When I first published a production app, I didn’t fully understand Git tags, releases, and branching strategy.
After shipping a live version, I realized:
Without proper tagging and release management:
- You don’t know which commit went to production
- You can’t safely roll back
- Hotfixes become risky
- Version tracking becomes confusing
This repository explains:
- ✅ What Git Tags are
- ✅ What GitHub Releases are
- ✅ Why they matter in production
- ✅ How to implement them easily
- ✅ A clean branching strategy for solo developers
A Git tag is a permanent label that points to a specific commit.
Example:
v2.0.0-playstore
This means:
👉 This exact commit was deployed to production. 👉 Even if branches change, this version is always recoverable.
Without tags:
- You guess which commit was production.
- Resetting branches becomes dangerous.
- Hotfixes become stressful.
With tags:
- Production versions are locked.
- Rollback is instant.
- History stays clean.
A GitHub Release is created from a tag.
It adds:
- Version title
- Description / changelog
- Downloadable snapshot
- Clear release history
Tags are technical markers. Releases are documentation + visibility.
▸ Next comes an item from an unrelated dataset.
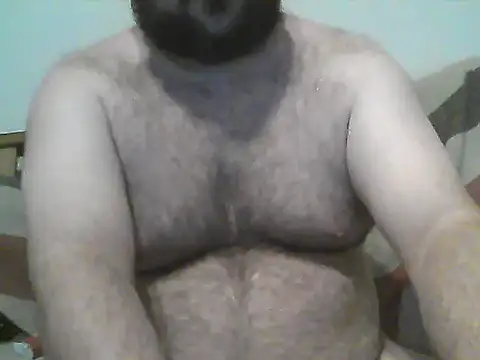 Zerd0 online show from April 4, 2026, 3:57 am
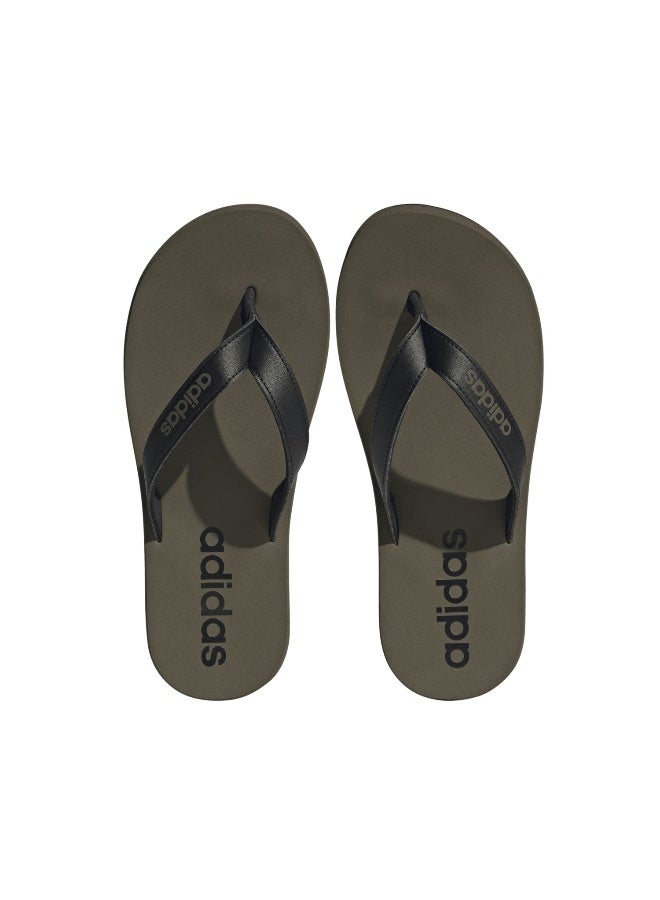 Adidas adidas Eezay Flip Flop Black Sportwear Sandals/Slippers 5 - Image 3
Together, they create a professional production workflow.
main → Production branch
feature/* → New features
hotfix/* → Emergency bug fixes
tags → Release markers
Keep it simple. You don’t need enterprise-level branching if you are working alone.
- Create feature branch:
git checkout -b feature/multiplayer
- Build and test feature
- Merge into
main - Bump version (2.0.0 → 2.1.0)
- Deploy to production
- Create tag:
git tag -a v2.1.0 -m "Multiplayer release"
git push origin v2.1.0
- Create GitHub Release from tag
If production has a bug:
git checkout -b hotfix/login-crash
Fix only the bug.
Merge back to main.
Bump patch version:
2.0.0 → 2.0.1
Tag it:
git tag -a v2.0.1 -m "Hotfix login crash"
Deploy safely.
Using tags and releases gives you:
- 🔒 Safe rollback
- 📦 Clear production history
- 🧾 Documented version tracking
- 🧠 Lower stress during hotfixes
- 👨💻 Professional repository structure
- 📊 Better collaboration
Production software without tagging is like shipping without version numbers.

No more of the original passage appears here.